| TRY IT |
Will you return, word for word, only the lines from the top of the data below down to and including the one with "Human Evolution, Language"?

| THE DATA |
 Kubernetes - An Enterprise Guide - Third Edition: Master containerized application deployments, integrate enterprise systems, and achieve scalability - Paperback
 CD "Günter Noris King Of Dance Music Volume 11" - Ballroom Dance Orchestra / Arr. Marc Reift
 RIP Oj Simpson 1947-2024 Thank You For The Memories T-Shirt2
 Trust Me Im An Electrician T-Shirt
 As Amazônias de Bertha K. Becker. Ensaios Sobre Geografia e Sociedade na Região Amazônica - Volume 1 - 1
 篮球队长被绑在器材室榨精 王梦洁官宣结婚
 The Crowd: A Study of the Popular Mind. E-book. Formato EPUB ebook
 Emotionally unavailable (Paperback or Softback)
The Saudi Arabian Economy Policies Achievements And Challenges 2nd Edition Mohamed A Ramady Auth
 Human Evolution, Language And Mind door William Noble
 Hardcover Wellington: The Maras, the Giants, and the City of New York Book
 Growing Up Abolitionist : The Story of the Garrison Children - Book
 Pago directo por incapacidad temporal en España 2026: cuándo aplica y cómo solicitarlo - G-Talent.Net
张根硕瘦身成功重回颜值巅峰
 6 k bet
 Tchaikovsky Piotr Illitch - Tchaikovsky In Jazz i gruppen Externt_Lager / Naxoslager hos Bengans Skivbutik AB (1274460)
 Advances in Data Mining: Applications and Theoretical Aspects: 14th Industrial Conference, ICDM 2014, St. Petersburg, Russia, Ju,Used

| YOUR RESPONSE |
 Kubernetes - An Enterprise Guide - Third Edition: Master containerized application deployments, integrate enterprise systems, and achieve scalability - Paperback
 CD "Günter Noris King Of Dance Music Volume 11" - Ballroom Dance Orchestra / Arr. Marc Reift
 RIP Oj Simpson 1947-2024 Thank You For The Memories T-Shirt2
 Trust Me Im An Electrician T-Shirt
 As Amazônias de Bertha K. Becker. Ensaios Sobre Geografia e Sociedade na Região Amazônica - Volume 1 - 1
 篮球队长被绑在器材室榨精 王梦洁官宣结婚
 The Crowd: A Study of the Popular Mind. E-book. Formato EPUB ebook
 Emotionally unavailable (Paperback or Softback)
The Saudi Arabian Economy Policies Achievements And Challenges 2nd Edition Mohamed A Ramady Auth
 Human Evolution, Language And Mind door William Noble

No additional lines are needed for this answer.